During a press conference organized by industrialists under the Confederation of Nepalese Industries, Murarka questioned the lack of action against customers who utilized electricity without permission, arguing that those who adhered to regular bill payments were ready to pay if provided proof. “If we don’t follow the law by not paying the bill, we will be a partner in it,” he asserted.
Industrialist Pawan Golyan expressed concern that the government’s decision to disconnect electricity to industries nationwide is poised to lead to the closure of all industrial operations. He accused the government of compelling industrialists and their workforce to take to the streets. Golyan warned that if the government maintains this approach, it will inevitably result in the shutdown of all industries, causing widespread economic damage to the country.
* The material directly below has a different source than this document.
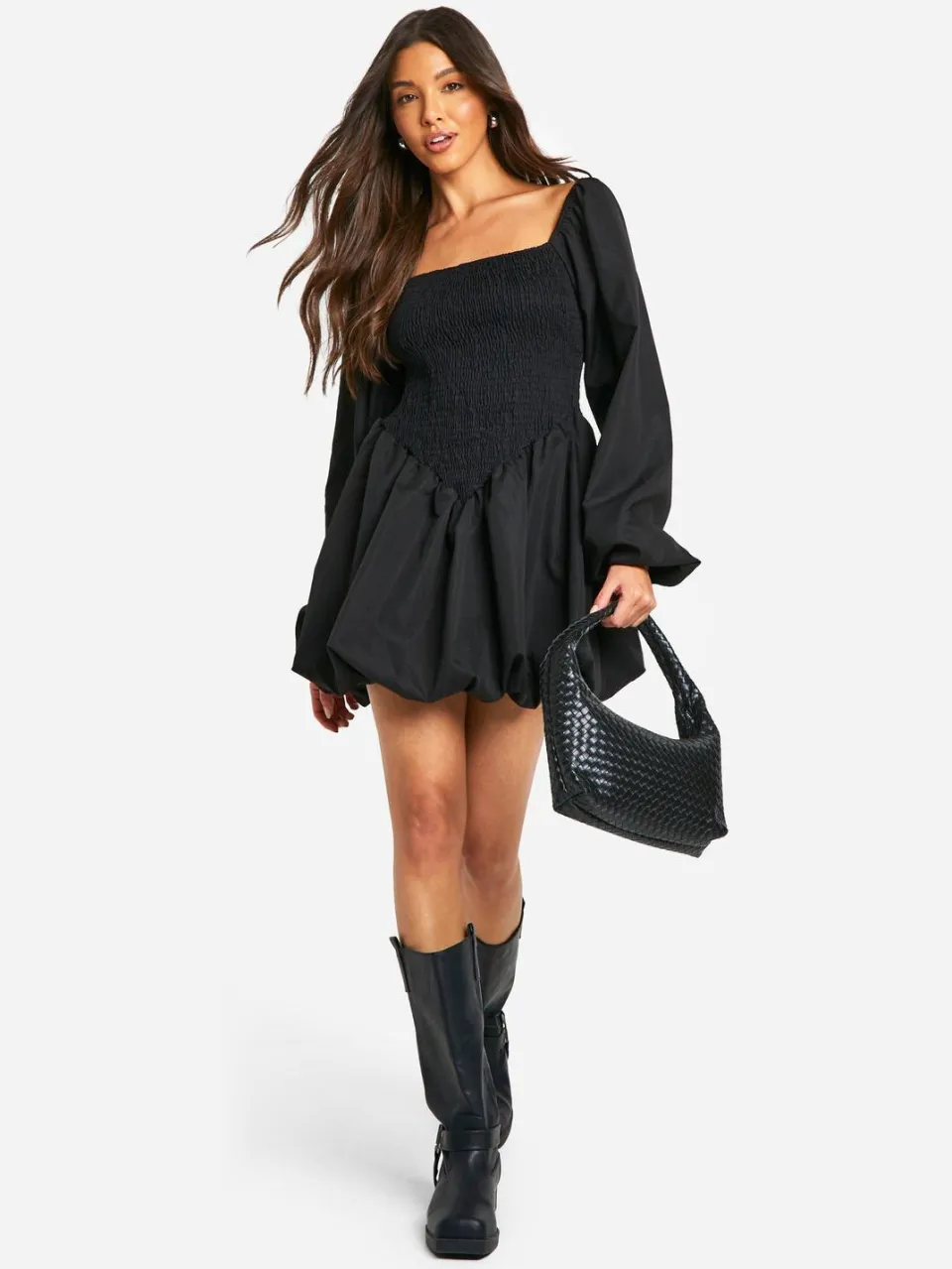 boohoo Dames Gerimpelde Lange Mouw Smock Jurk Zwart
Rajesh Agarwal, president of the Confederation of Nepalese Industries, echoed the sentiments, questioning the rationale behind cutting power lines despite assurances to pay for dedicated and trunk lines. “Is it a crime for him to do business? Can the government be used to fulfill the ambitions of a person?” Agarwal raised these concerns during the conference.
Anjan Shrestha, senior vice-president of the Federation of Nepalese Industries and Commerce, criticized the actions of Kulman Ghising, stating that he was acting as if his statements were the law. Shrestha highlighted discrepancies in NEA regulations, emphasizing that a premium fee should be charged for more than 20 hours of electricity, as per NEA guidelines.
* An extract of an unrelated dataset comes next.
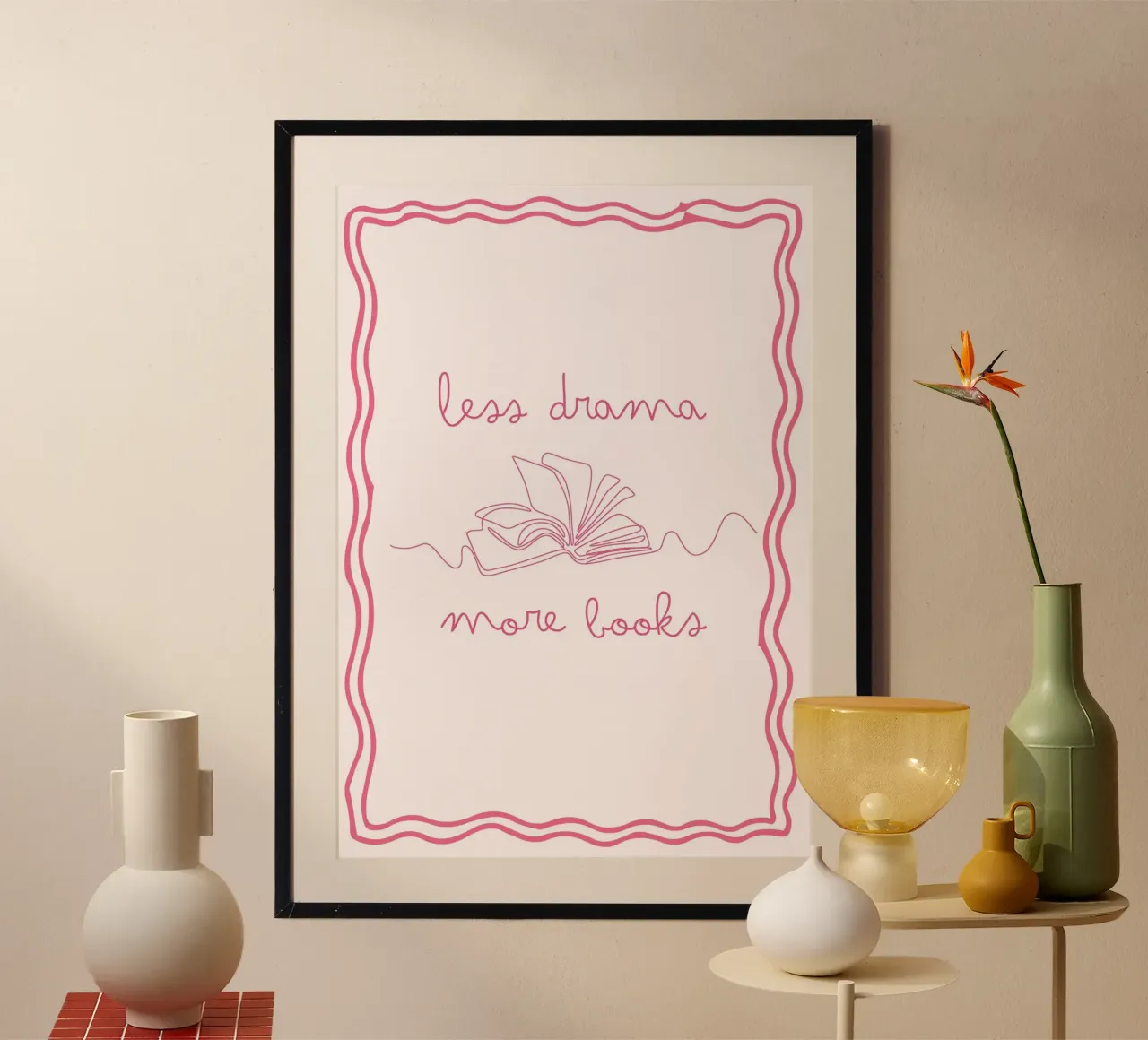 Less Drama More Books Line Art Poster poster con telaio in plastica da vintagepod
In response to Ghising’s stance that even 15 hours of electricity usage requires a premium fee, Shrestha called for the involvement of the Electricity Regulatory Commission. He urged the Prime Minister to address the issue promptly.
The industrialists also raised questions about the NEA’s billing practices, pointing out that most industries paid their bills regularly and availed a 2 percent discount facility, as per authority-issued bills. They questioned the inconsistency in applying premium rates, citing approvals from the Electricity Tariff Determination Commission.
The businessmen challenged the NEA’s decision to charge premium rates beyond load-shedding periods, emphasizing the need for legal clarity and evidence in a country governed by the rule of law. The press conference highlighted the industrialists’ demand for transparency and adherence to legal standards in electricity tariff enforcement.